We can point to all sorts of structural explanations why things worked out so roughly in Romania. The dictatorship was particularly repressive, the economy particularly devastated, the opposition particularly full of shady characters. In the interactions of the popular demonstrators, these structural factors found their expression as limitations on their definitions of the situation. They could only articulate and show among themselves an opposition to a brutal form of modern tyranny, totalitarianism. They were not able to marshal the power of politics in the service of democratic purposes in a sustained and differentiated fashion.

This is not to belittle the importance of the Romanian events of December 1989. I am here pointing to something that is both obvious and overlooked. Theoretically, I am underscoring the need to synthesize the insights of the interactive sociology of Erving Goffman with the political theory of Hannah Arendt. The synthesis illuminates some of the special legacies of 1989, particularly as they are revealed in different sets of circumstances, in the political experiences of Czechoslovakia and Poland and that of Romania.

The Social Definition of Power and Freedom: Czechoslovakia and Poland

It may be obvious that the transformation in Romania was not likely to follow the same path as those in Czechoslovakia or Poland, but why was this so situationally? What occurred in the moment of transformation that led to such different outcomes? Answering these questions requires a close consideration of the way the definition of the new situation is formed. In Czechoslovakia and Poland, the new definition went beyond the act of simple negation of totalitarianism. There were a number of distinctly different definers with distinctly different voices, and these voices and their power of definition had histories. In these countries there were interactively constituted alternative publics, something strikingly absent in Romania. The definitions of the situations there were built upon shared and sustained cultural, political, and social experiences.
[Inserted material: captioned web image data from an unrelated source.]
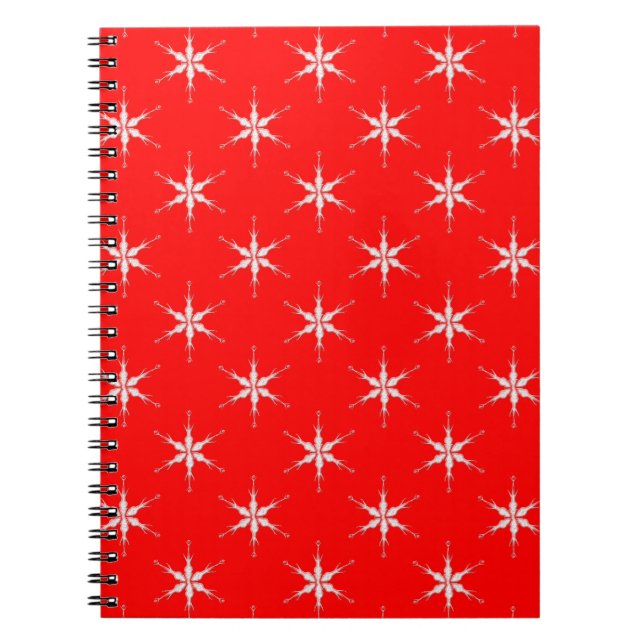 Glass Snowflakes On Red Background Notebook (Front)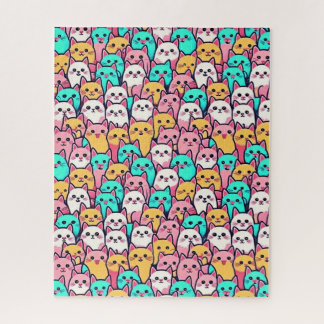 Puzzle Gatos Minimalistas juguetones en pasteles multicol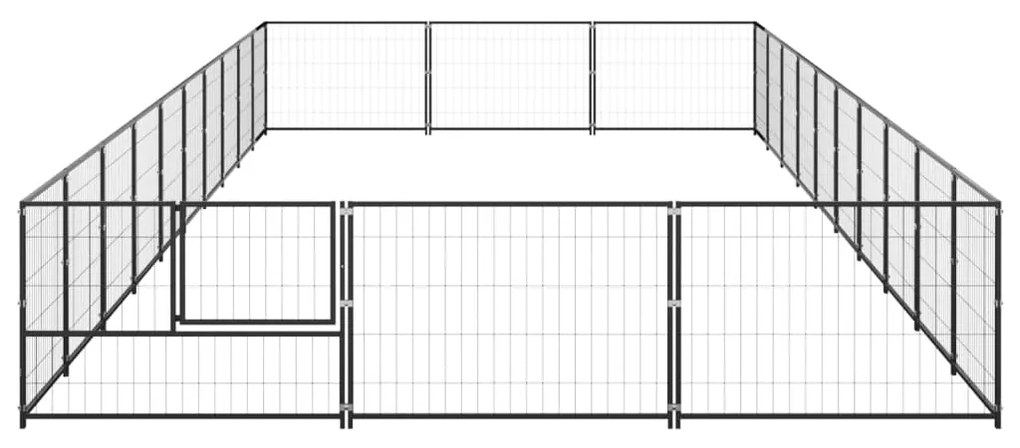 Gabbia per cani nera 30 m² in acciaio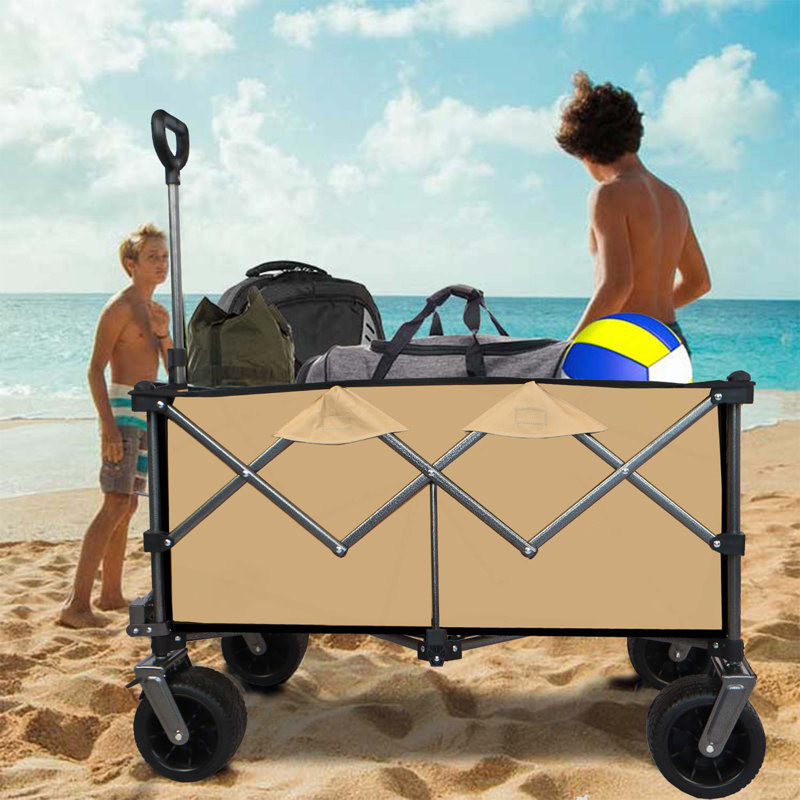 Chariot pliable pliable, chariot de plage pliable, Brun grisâtre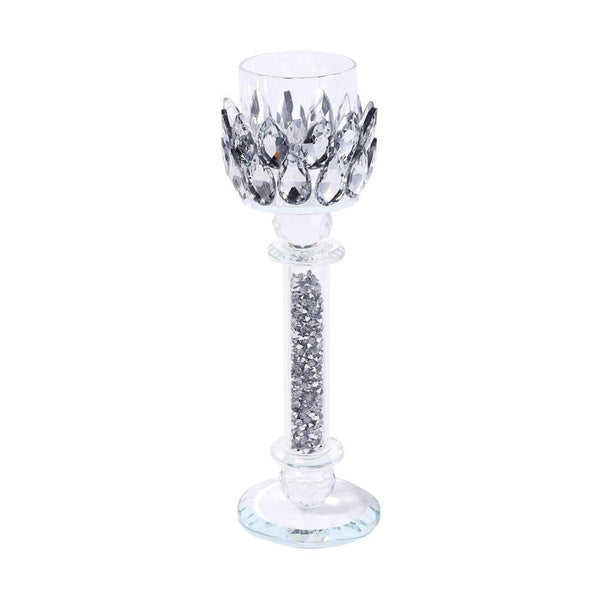 Home Decor Crystal Glass Satin Silver Table Top Candleholder 22 cm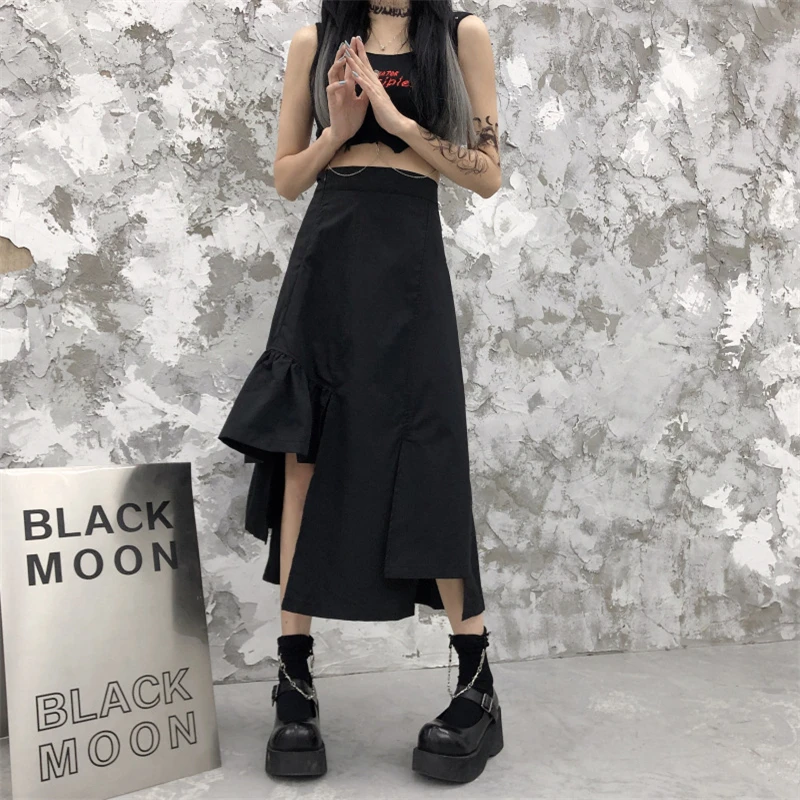 

GothGotik Gothic Harajuku Asymmetrical Slit Split Skirt Sexy Black Skirts For Women Slim Casual Streetwear Spring Summer Fashion
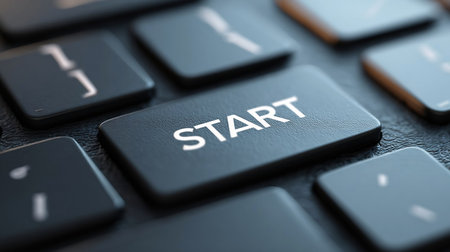 Start button at the computer keyboard. Beginning of the work, project etc concept.の素材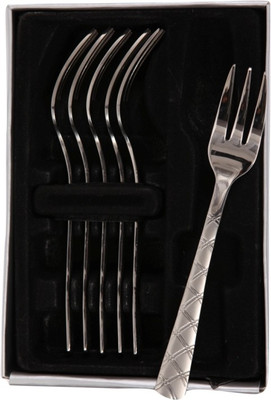 

Mullich Milano Silver Stainless Steel Dessert Fork Set(Pack of 6)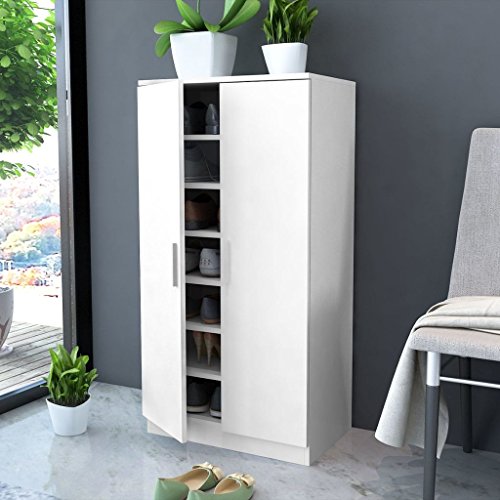 Cinyiqo Mueble Zapatero Blanco con 7 estantes, Mueble Zapatero, Zapateros Grandes, Mueble Auxiliar, Muebles De Armario, Armario Auxiliar,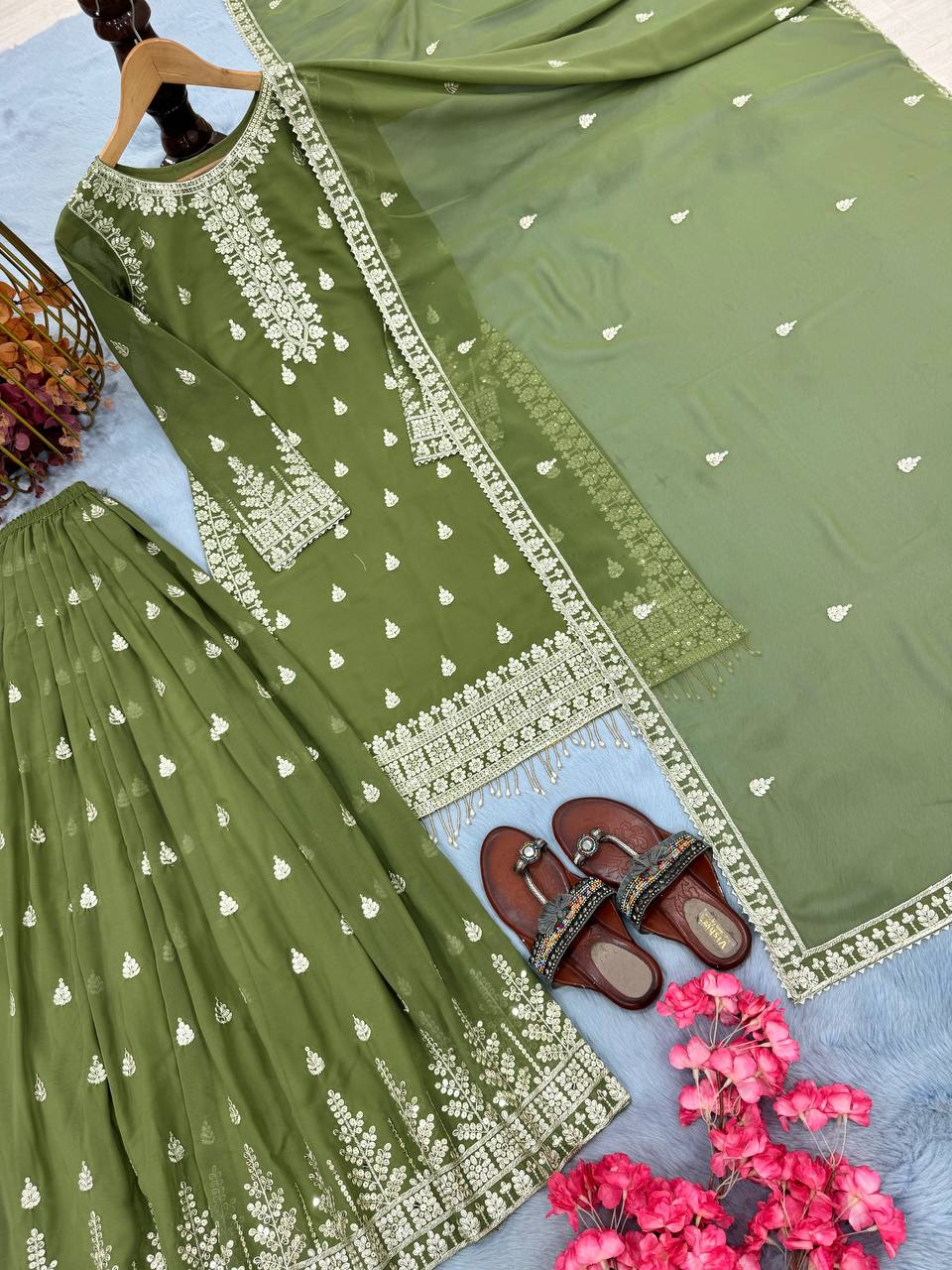 Trendy Olive Green Georgette Sequence Work Palazzo Suit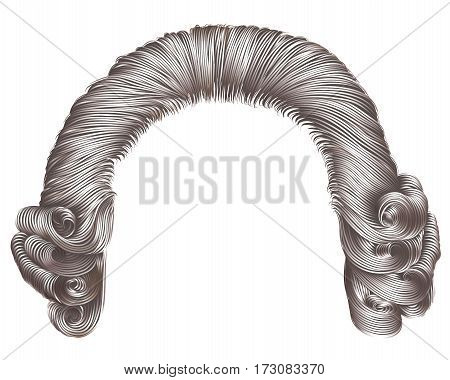 man wig gray hair curls. medieval style rococo.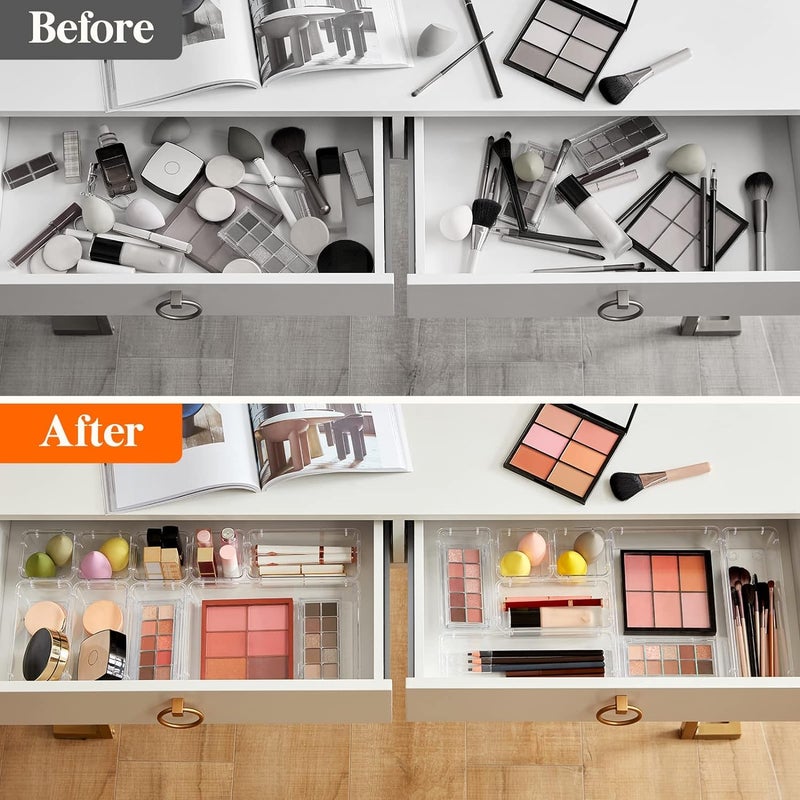 ROKTRY Desk Drawer Organizer Storage Bins With Various Size for Kitchen, Office, Bathroom, Vanity Makeup Organiser 5 Pcs - Image 4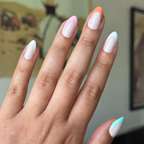 Scalloped French - Press-On | Medium | Almond with soft multi-color scalloped tips for easy at-home manicure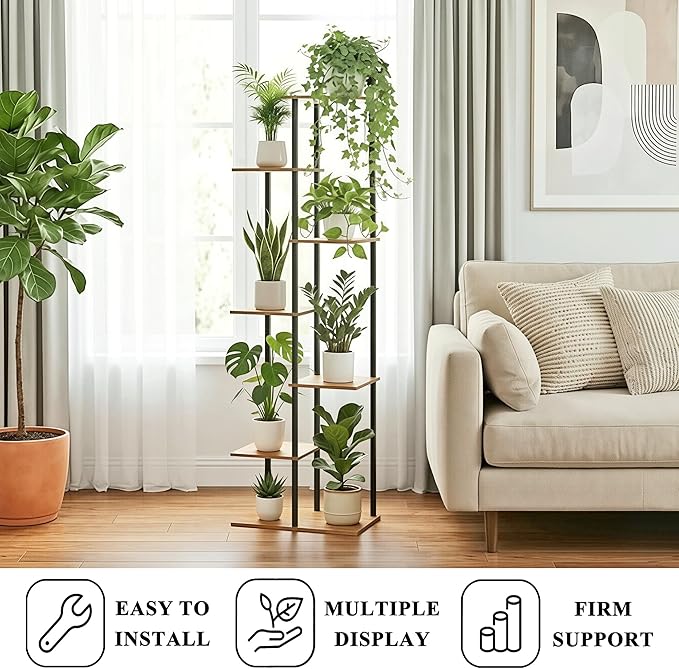 Plant Stand Indoor 7 Tier 8 Potted Metal Wood Plant Shelf, Rustic Brown - Image 4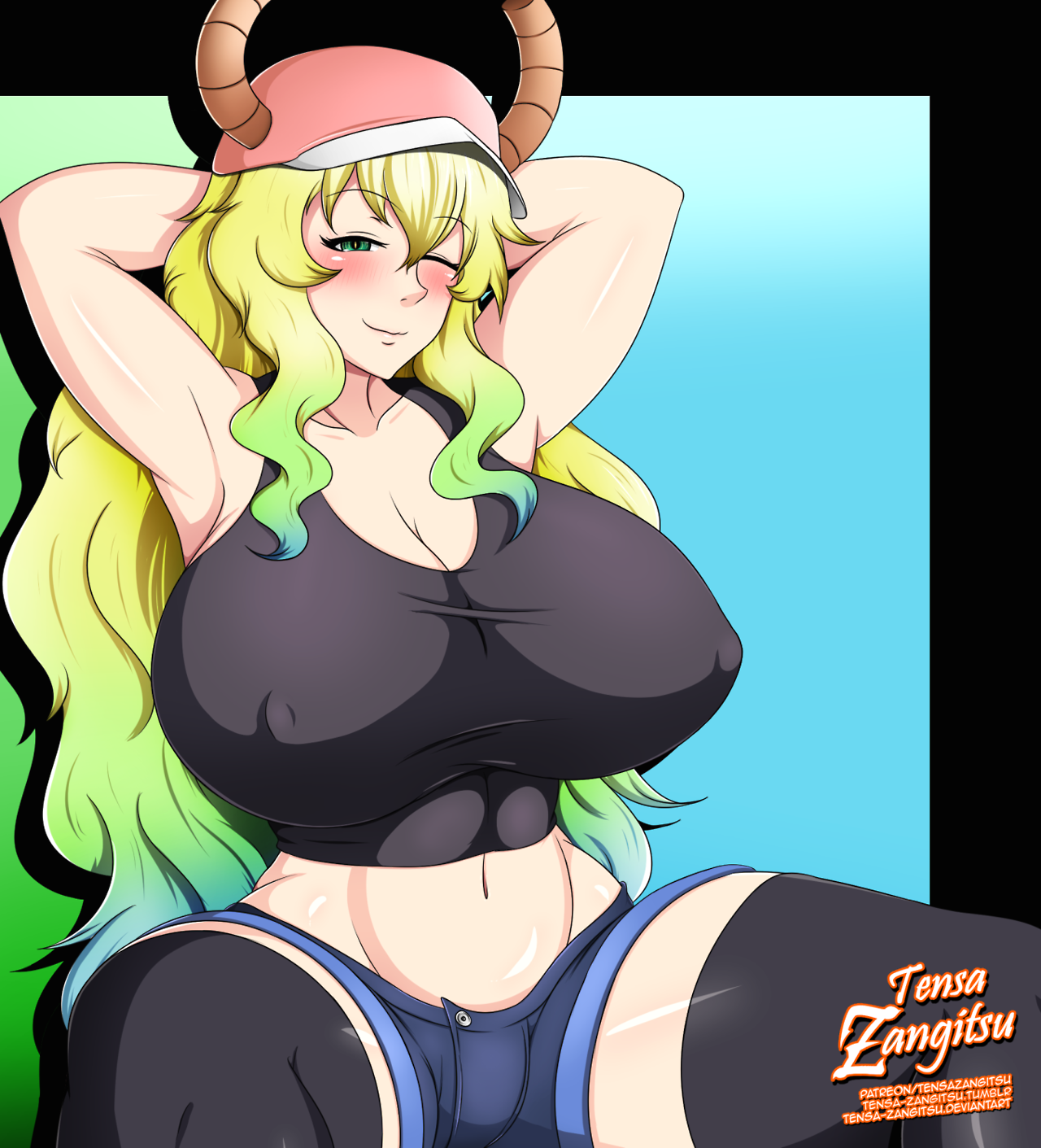 arms up, big breasts, blush, breasts, cleavage, female, female only, huge breasts, large breasts, looking at viewer, miss kobayashi's dragon maid, nipples, quetzalcoatl (dragon maid), solo, tensa-zangitsu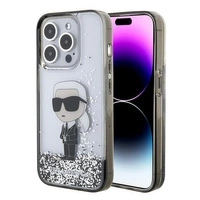 Karl Lagerfeld Liquid Glitter Ikonik Hülle für iPhone 15 Pro – transparent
Although the events leading to the changes of '89 in Czechoslovakia were fast and dramatic, they had a social background. The Charter 77 movement and VONS, the Committee for the Defense of the Unjustly Persecuted had sustained an alternative at the margins of political life for over a decade, coordinating oppositionist seminars, vibrant political debate, and theoretical discussions. There had also been significant Catholic Church–based social mobilizations developing apart from the officially sanctioned political order starting in 1985, when 150,000 Czechs and Slovaks marked the eleven hundredth anniversary of the death of Saint Methodius. In the oppositional activities of Charter 77 and VONS, sophisticated alternatives to the regime's imposed order were discussed; in the Catholic activity, a fairly broad segment of the population had experienced a public life set apart from the regime. Yet the oppositional world of such figures as Vaclav Havel, Rita Klimova, Jan Carnogursky, Petr Pithart, and Pavel Bratinka was cut off from the general population, and the Catholic movement, ultimately, was focused on the concerns of only a small segment of believers, a group that cannot be identified with the whole nation (as at least some maintain is the case in Poland).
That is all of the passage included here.